The 10 best closing lines of books

The Guardian columnist Robert McCrum has discussed his 10 best closing lines of books. As I’ve only read a handful of those listed, I cannot really comment or otherwise offer insight, but I get why he enjoys those particular lines; he gives a good explanation in each case.

How important is the final line? Is it as important as an opening line? In my view, the answer to both questions is a resounding “yes”. Whereas with the opening line needs to grab the attention immediately:

Marley was dead to begin with

…and keep sucking you into the first paragraph and deeper into the first chapter, a poor final line can leave a reader feeling a little unsatisfied without proper closure or a sense that it was all wrapped up rather nicely. If there is a sequel, you may be able to get away with leaving it hanging but if it is standalone, you could leave your reader feeling annoyed or confused. Either way, satisfaction that this story has now passed must be key to a good final sentence.

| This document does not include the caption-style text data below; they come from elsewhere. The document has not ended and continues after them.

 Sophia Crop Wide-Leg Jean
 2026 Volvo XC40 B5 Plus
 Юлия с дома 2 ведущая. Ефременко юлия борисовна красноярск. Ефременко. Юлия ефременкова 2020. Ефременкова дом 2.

Here then are my personal favourites.

And they walked away together through the hole in the wall, back into the darkness, leaving nothing behind them; not even the doorway.

Neverwhere – Neil Gaiman

I adore this ending. So abstract yet in the context of the book it makes perfect sense. Richard Mayhew has seen a life he could never have imagined and despite yearning for the normal world through most of the book, when it is given to him he decides he doesn’t want it: vacuous fiance, mundane and soul-destroying job, cocktail parties and social climbers. It suddenly becomes so unreal and in exasperation he calls the Marquis De Carabas back to allow him back into London Below.

Next up:

‘One of us had to accept the agony,’ she said, ‘and he was always the stronger’

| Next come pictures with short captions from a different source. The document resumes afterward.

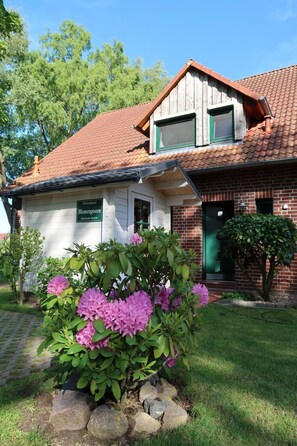 Exterior detail - Blomengoorn by Interhome (Boltenhagen)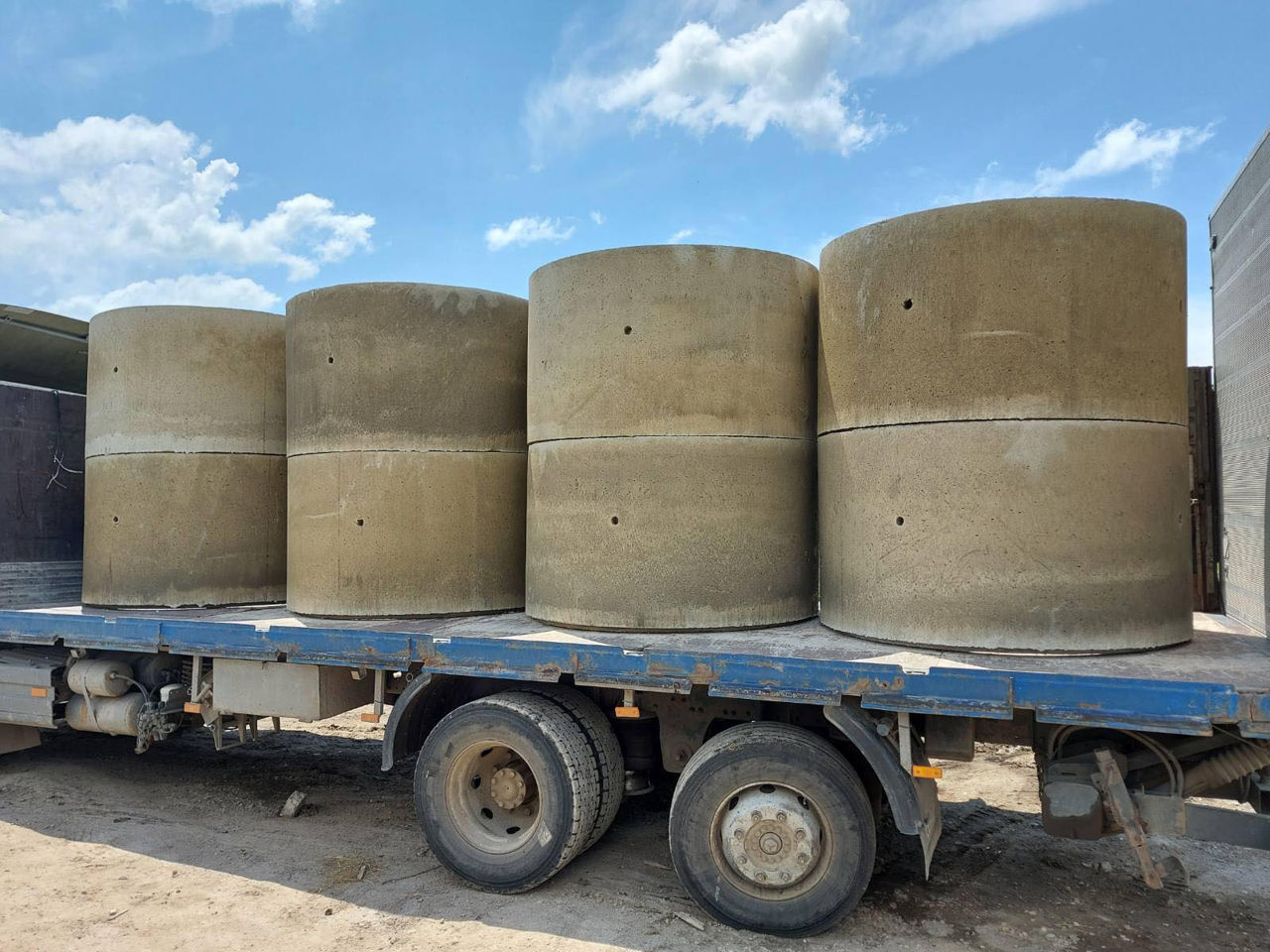 In vinzare tuburi din beton pot fi utilizate la canalizari, fântâni , subtraversari, podete. foto 0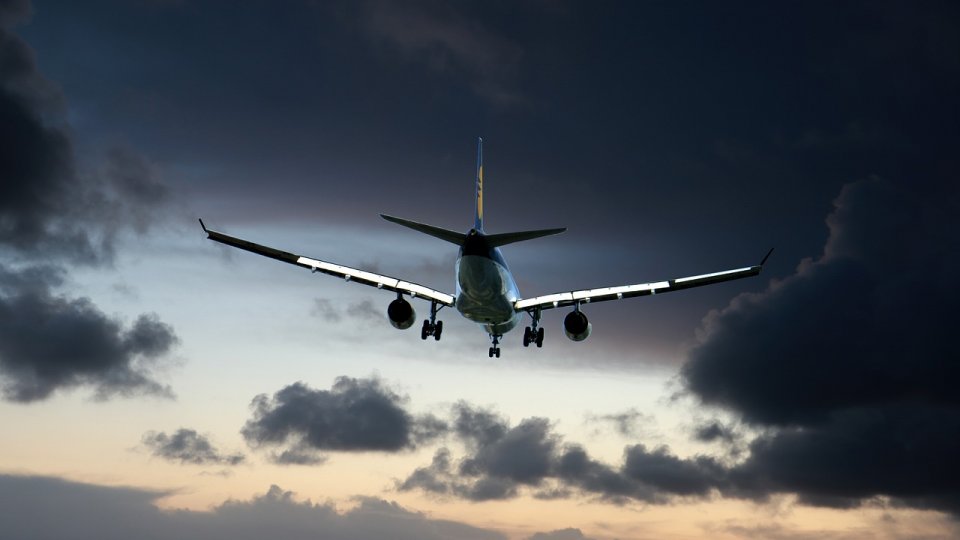 Avion revenit la sol, după ce a fost lovit defulger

Children of Dune – Frank Herbert

Leto II has become the Emperor of the Universe and is embarking on the Golden Path to becoming a sandworm and living for thousands of years. Yet the final line goes to his sister Ghanima. I always wondered whether we should take this at face value. He may have been stronger but he was no more or less wise than his sister and certainly no braver than she. Yet what was it that made him worthy of the path and not her? Arguably nothing and I’m wondering whether Ghanima is attempting to convince herself of this; does she truly believe this or is she accepting her place as a woman in this world as that shared by her mother Chani and her stepmother Irulan? If we think back to the end of Dune, Jessica gives Chani a speech on the difference between a concubine (Irulan) and a true wife (herself and Chani). I’ve always wondered whether this is a reflection on this as she prepares to marry Prince Faradn.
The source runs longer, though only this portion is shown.